→ **Problem**
Go through the listing below and output exactly the line with "A Turing test for free will", the line with "Fimous Rattan Garden", and each line between; omit the rest.

→ **Supplied entries**
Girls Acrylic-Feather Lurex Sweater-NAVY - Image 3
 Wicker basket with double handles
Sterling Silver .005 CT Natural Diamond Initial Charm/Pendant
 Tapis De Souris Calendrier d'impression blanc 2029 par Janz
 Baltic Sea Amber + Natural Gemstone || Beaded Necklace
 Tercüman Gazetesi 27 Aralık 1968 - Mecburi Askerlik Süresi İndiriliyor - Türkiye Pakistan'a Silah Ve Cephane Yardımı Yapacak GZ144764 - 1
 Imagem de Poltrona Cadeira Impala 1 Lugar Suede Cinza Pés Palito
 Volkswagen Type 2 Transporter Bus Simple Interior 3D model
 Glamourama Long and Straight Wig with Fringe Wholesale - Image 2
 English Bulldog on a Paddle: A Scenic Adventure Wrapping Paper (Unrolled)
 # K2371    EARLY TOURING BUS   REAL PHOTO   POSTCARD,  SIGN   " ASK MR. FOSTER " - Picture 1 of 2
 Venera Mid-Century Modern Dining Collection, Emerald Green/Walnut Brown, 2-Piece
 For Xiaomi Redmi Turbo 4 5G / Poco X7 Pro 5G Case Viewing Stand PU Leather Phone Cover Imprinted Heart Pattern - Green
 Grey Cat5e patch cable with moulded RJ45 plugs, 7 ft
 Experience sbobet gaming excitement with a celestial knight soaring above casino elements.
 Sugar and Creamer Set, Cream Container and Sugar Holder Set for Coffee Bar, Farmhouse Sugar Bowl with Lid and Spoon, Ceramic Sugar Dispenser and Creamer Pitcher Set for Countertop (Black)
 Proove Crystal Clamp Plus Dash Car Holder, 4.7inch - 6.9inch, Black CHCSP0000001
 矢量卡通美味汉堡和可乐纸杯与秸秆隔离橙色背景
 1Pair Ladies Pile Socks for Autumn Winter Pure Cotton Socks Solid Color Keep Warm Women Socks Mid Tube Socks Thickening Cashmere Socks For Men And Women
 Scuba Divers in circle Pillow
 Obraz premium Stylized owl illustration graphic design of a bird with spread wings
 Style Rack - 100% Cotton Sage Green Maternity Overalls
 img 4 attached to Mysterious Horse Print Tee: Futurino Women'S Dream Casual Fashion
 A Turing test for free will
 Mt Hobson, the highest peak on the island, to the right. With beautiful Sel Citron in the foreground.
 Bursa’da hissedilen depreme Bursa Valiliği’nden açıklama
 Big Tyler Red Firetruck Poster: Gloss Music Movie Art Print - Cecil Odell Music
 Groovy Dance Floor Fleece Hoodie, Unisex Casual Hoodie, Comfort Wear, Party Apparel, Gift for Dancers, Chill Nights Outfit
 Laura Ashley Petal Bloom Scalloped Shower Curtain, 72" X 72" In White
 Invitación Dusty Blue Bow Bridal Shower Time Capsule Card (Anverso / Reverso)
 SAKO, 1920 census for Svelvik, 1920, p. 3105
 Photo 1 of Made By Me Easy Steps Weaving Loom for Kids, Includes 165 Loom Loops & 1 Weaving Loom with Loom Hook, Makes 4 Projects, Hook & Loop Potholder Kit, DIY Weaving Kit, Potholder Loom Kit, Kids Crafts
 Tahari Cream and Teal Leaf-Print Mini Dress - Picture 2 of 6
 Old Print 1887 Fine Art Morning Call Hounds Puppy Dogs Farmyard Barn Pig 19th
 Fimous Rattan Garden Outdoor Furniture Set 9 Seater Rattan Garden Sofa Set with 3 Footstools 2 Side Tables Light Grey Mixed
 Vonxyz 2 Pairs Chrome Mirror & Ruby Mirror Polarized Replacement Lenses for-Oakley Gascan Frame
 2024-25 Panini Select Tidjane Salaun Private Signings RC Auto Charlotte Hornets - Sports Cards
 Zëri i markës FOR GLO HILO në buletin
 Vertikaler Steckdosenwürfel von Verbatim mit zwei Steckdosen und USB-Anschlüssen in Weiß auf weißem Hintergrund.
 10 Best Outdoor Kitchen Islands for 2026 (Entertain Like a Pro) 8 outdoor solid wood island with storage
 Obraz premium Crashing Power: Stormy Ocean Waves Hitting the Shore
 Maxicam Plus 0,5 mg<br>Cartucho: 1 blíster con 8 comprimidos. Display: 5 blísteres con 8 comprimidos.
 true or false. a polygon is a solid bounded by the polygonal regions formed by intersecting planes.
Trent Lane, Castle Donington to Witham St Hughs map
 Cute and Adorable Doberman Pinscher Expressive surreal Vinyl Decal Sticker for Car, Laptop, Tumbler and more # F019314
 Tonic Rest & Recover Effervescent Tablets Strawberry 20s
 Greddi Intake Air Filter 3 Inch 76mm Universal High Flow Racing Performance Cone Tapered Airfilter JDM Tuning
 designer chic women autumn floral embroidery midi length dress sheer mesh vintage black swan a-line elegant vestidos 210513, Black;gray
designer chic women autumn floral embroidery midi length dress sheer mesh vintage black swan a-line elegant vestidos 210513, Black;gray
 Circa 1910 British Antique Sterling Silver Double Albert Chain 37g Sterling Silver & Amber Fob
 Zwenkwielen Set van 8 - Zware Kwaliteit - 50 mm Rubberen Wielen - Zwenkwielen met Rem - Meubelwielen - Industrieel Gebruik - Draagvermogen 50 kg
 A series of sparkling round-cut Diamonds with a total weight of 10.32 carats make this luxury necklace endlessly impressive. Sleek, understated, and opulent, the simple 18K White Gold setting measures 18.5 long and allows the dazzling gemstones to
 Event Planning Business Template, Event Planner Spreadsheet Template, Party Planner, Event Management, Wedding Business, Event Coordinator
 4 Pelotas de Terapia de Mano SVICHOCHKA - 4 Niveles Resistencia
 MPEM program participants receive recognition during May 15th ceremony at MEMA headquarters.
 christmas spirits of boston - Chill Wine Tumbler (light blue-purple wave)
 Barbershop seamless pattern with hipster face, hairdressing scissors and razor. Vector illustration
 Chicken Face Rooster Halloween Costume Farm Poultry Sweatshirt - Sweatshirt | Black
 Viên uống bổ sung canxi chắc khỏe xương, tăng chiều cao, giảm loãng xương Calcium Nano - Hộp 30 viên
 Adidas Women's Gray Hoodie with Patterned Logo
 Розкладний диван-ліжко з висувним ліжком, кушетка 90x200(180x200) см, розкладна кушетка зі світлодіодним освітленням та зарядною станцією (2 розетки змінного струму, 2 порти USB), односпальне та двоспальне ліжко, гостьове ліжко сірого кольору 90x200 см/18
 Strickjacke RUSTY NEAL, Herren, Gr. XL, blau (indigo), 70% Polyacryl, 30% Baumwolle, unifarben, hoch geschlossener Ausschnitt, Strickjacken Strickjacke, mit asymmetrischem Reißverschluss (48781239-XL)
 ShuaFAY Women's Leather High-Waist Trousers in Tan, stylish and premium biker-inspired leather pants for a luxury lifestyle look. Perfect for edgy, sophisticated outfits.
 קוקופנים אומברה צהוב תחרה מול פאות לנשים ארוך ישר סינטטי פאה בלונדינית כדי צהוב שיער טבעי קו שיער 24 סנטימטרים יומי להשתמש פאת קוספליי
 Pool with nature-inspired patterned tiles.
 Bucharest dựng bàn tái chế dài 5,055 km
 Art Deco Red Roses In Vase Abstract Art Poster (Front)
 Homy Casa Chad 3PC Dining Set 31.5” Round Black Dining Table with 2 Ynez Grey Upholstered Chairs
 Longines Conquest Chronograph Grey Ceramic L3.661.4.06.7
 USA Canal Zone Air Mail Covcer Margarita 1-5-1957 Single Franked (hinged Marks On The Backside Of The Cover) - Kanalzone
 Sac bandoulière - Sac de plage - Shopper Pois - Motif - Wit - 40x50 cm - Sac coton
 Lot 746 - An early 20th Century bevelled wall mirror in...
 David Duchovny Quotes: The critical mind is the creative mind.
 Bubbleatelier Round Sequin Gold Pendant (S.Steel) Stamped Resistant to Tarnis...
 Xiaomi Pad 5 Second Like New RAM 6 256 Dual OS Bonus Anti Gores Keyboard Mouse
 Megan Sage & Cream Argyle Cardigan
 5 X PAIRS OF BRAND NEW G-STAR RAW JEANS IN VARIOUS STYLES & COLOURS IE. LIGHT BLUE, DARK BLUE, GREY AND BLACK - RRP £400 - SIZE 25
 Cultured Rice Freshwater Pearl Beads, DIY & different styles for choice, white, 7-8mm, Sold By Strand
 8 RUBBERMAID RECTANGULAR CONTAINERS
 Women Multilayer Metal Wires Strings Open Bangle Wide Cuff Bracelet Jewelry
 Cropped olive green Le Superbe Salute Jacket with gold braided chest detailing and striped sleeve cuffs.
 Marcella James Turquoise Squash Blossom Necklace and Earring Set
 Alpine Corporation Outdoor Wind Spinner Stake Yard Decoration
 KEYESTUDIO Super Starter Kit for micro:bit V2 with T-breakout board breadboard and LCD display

→ **Answer box**
 A Turing test for free will
 Mt Hobson, the highest peak on the island, to the right. With beautiful Sel Citron in the foreground.
 Bursa’da hissedilen depreme Bursa Valiliği’nden açıklama
 Big Tyler Red Firetruck Poster: Gloss Music Movie Art Print - Cecil Odell Music
 Groovy Dance Floor Fleece Hoodie, Unisex Casual Hoodie, Comfort Wear, Party Apparel, Gift for Dancers, Chill Nights Outfit
 Laura Ashley Petal Bloom Scalloped Shower Curtain, 72" X 72" In White
 Invitación Dusty Blue Bow Bridal Shower Time Capsule Card (Anverso / Reverso)
 SAKO, 1920 census for Svelvik, 1920, p. 3105
 Photo 1 of Made By Me Easy Steps Weaving Loom for Kids, Includes 165 Loom Loops & 1 Weaving Loom with Loom Hook, Makes 4 Projects, Hook & Loop Potholder Kit, DIY Weaving Kit, Potholder Loom Kit, Kids Crafts
 Tahari Cream and Teal Leaf-Print Mini Dress - Picture 2 of 6
 Old Print 1887 Fine Art Morning Call Hounds Puppy Dogs Farmyard Barn Pig 19th
 Fimous Rattan Garden Outdoor Furniture Set 9 Seater Rattan Garden Sofa Set with 3 Footstools 2 Side Tables Light Grey Mixed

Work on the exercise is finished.